The reason that the media's examples of political comebacks—meant to convince us that Sanford and Weiner really can do it—actually bear no resemblance or relationship to Sanford's and Weiner's utter implosions is that there almost literally are no political phoenix stories. All of the most famous "comeback" stories—Barney Frank, Ted Kennedy, Wilbur Mills, David Vitter—are of politicians who never resigned in the first place. They recognized that their best strategy was to deny, defer, or deflect guilt as quickly as possible and move on. By the time they faced the voters again, their transgressions were either forgotten or overshadowed.
But for those who admit fault—or, perhaps more accurately, admit that they ought to be punished for it by resigning or otherwise leaving office—the path to public forgiveness is much less clear. If you're a scandalized politician, at least you still have your office and a platform from which to build yourself back up (including the significant electoral advantage of incumbency). Step down, and you're nothing but a broken man. Leaving office in disgrace has been a black mark from which there has almost never been any coming back. The media and 24-hour news networks may love comeback stories, but there's little evidence the public does.
We've taken our time to come back around to the bottom line for Weiner and Sanford, so here it is: they're probably finished, even if they don't know it yet. For Weiner, going from disrepute to the extremely powerful position of New York City mayor in the space of two years is just too big of a jump. Even the one ex-representative who returned to local government did so to city council, and she endured an ethics investigation, not Weiner's sensationalist sex scandal and its attendant national humiliation. A comeback by Weiner would be unprecedented in modern American politics.

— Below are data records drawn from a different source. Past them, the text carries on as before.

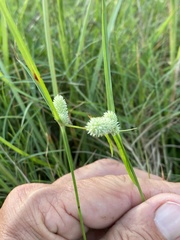 Cyperus sesquiflorus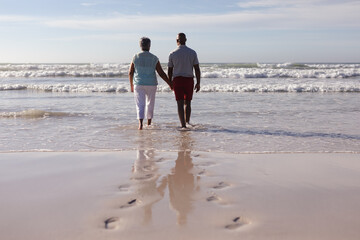 Rear view of senior african american couple holding hands while walking on the beach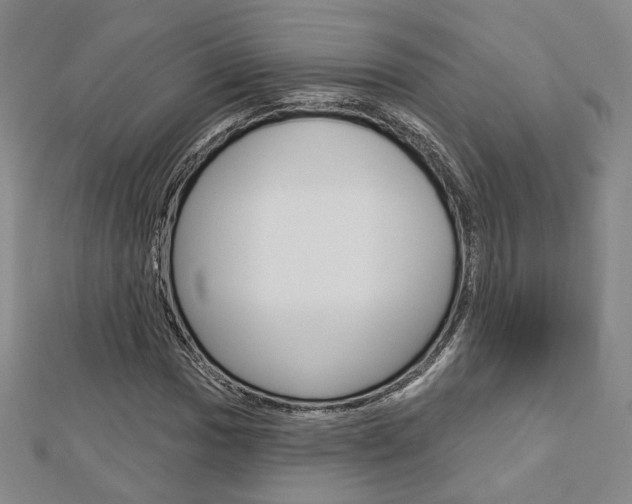 X0000112911017200908241003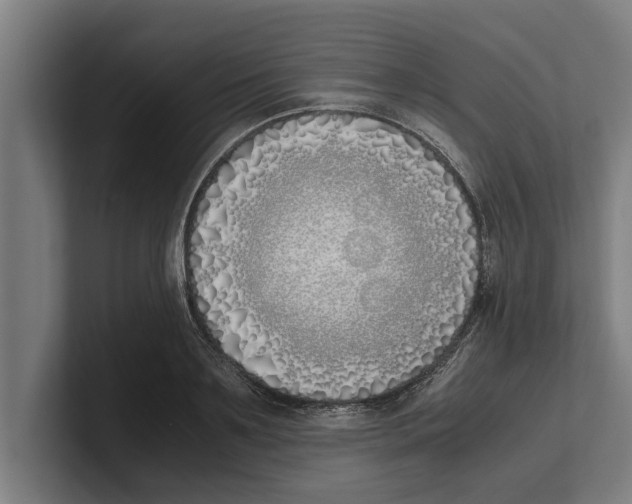 X0000100770891200807171409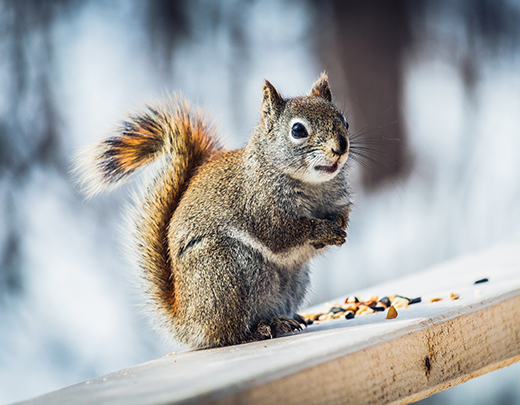 Eichhörnchen im Winter auf einem Holzzaun
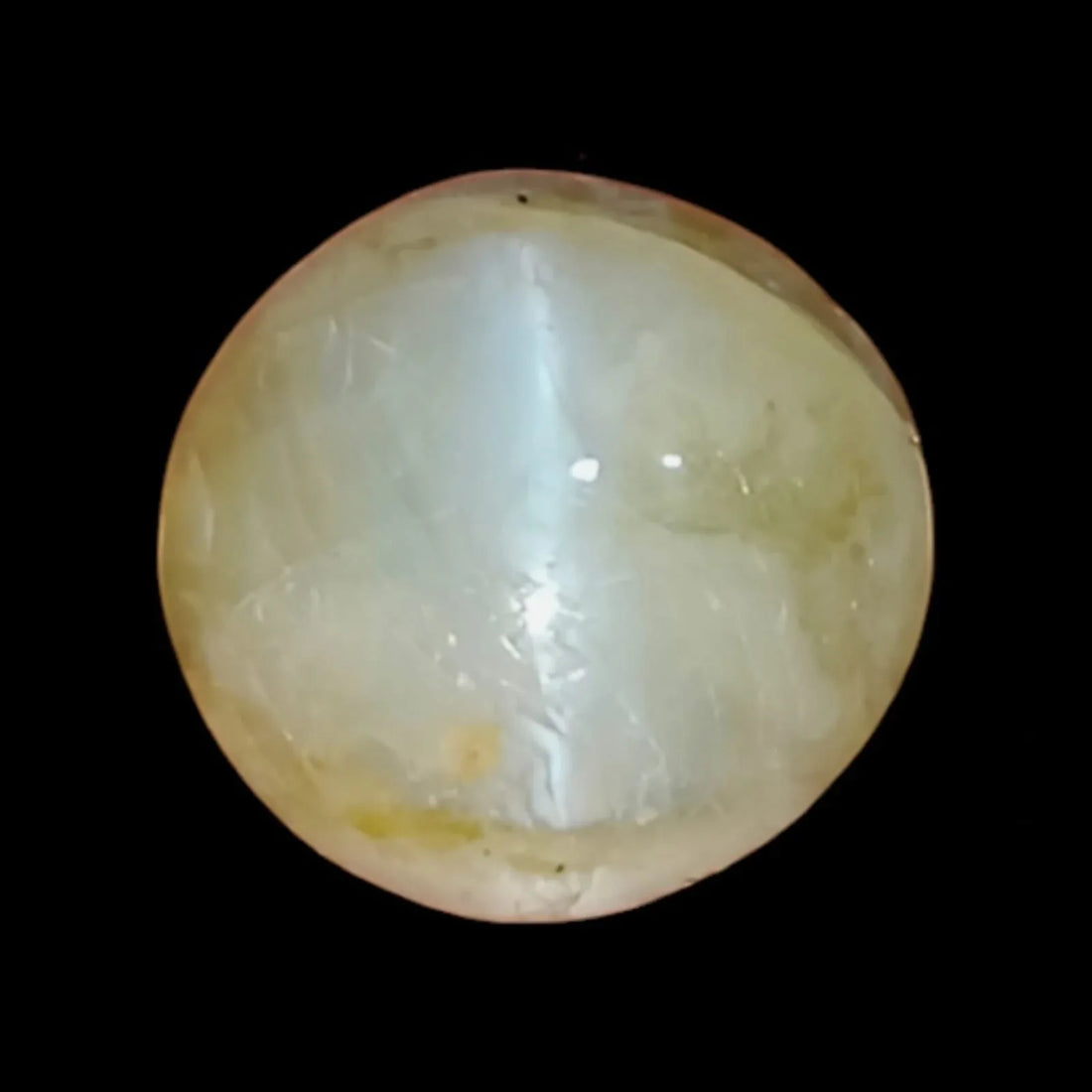 7.79 Ct Certified Untreated Natural Chrysoberyl Cats Eye Lehsunia - Venus Gems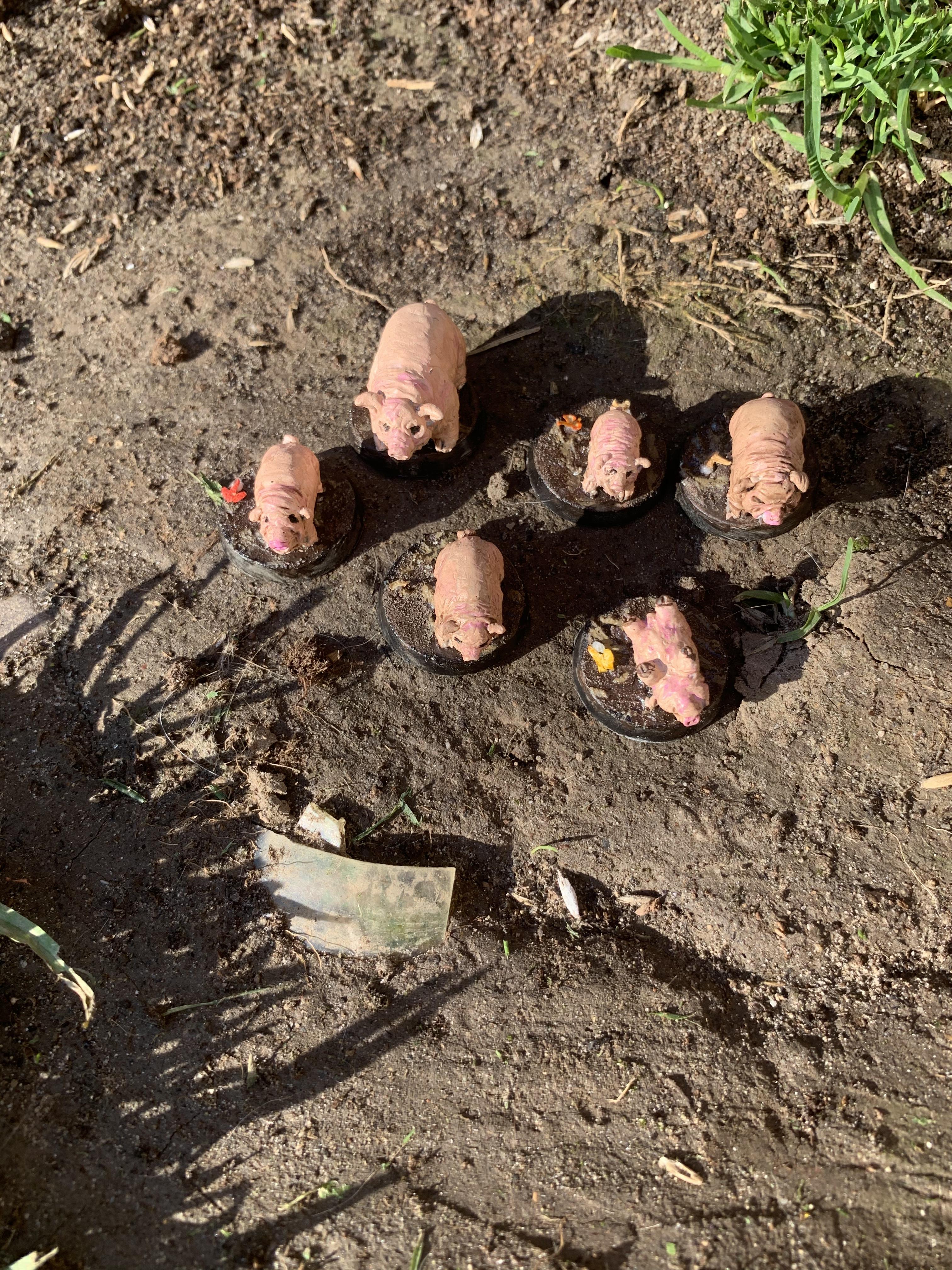 Pigs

Sanford, while still an unlikely candidate, may have slightly better odds. For one thing, he has already won one election—the GOP primary—which is half the hurdle. For another, he holds a key advantage over Weiner: he never resigned. Despite the equal amount of ridicule and embarrassment he faced with his "Appalachian Trail" saga, Sanford actually served out the remaining two years of his term as governor and was effective at fading out of the spotlight rather than going out with a bang. However, polls indicate Sanford is still badly underperforming a generic Republican, and, after this week's revelations of further family troubles resulted in his abandonment by the NRCC, the former governor is now looking decidedly like an underdog. All in all, I would be surprised to see him buck history here.